Intro to Batch Normalization

2 minute read


This is the introduction of Batch Normalization method in deep learning with some key concepts and rationale.

Internal Covariate Shift

In deep learning algorithms, the unstable change in the distribution of layers’ inputs is problematic since each deeper layer needs to adapt to the new distribution. In this case, when the input distribution to a learning system changes, it is called that the system experiences covariate shift. In general, the internal covariate shift is defined as the change in the distribution of network activations due to the change in network parameters in the course of training.
The internal covariate shift can really affect the training of deep neural networks. The changing distribution of inputs slows down the training by requiring lower learning rates and careful parameter initialization since small changes to the network parameters amplify as the network becomes deeper. In addition, it even makes it hard to train models with saturating nonlinearities.
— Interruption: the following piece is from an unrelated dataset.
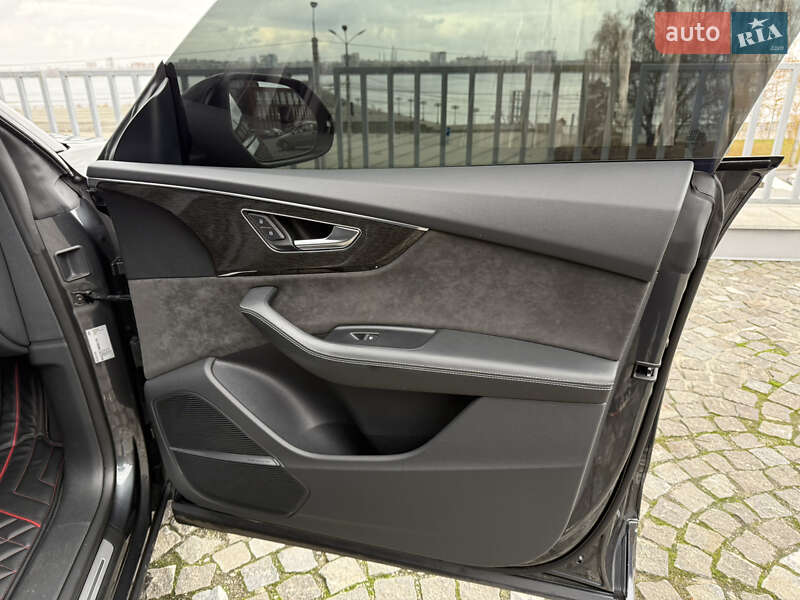 Позашляховик / Кросовер Audi Q8 2020 в Дніпрі фото 28 Позашляховик / Кросовер Audi Q8 2020 в Дніпрі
Batch Normalization is a beneficial trick used for efficiently training deep neural networks by reducing the internal covariate shift. To be more specific, BN transform is introduced to normalize the activations into each batch of the networks. The key of this method consists of two part:

  • Firstly, we will normalize each scalar feature independently, with the result of the mean of 0 and the variance of 1;

  • Secondly, since we use mini-batches in stochastic gradient training, each mini-batch produces estimates of the mean and variance of each activation.
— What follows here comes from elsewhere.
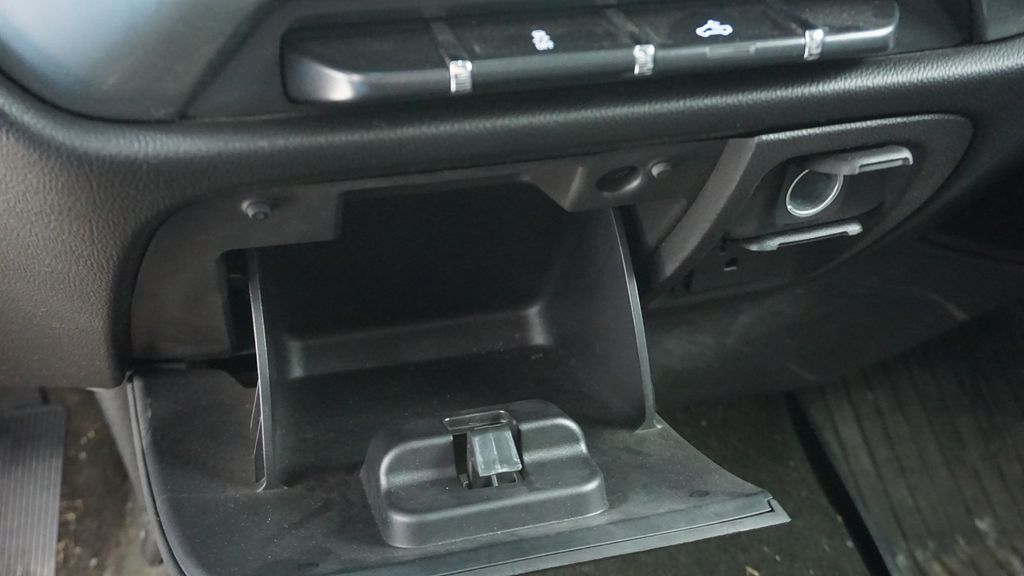 Thumbnail: 2017 Chevrolet Silverado 1500 - 32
In this case, to Batch-Normalize a network, we need to specify a subset of activations and then apply the BN transform for each of them. For each layer, we transform the input from $X$ to $BN(X)$. Since the BN transform is differentiable, the training layers can continue learning on input distributions with less internal covariate shift, which accelerates the training speed. To be more specific, it help alleviate the internal covariate shift by the following methods:

  • It can reduce the dependence of gradients on the scale of the parameters or of their initial values, which means we are allowed to use higher learning rates without the risk of divergence.

  • In this case, backpropagation through a layer is unaffected by the scale of its parameters, and then it stabilize the parameter growth.

  • It can regularize the model and then reduce the need for Dropout layers in batch-normalized networks.

  • It’s possible to use saturating nonlinearities by preventing the network from getting stuck in the saturated modes with batch normalization.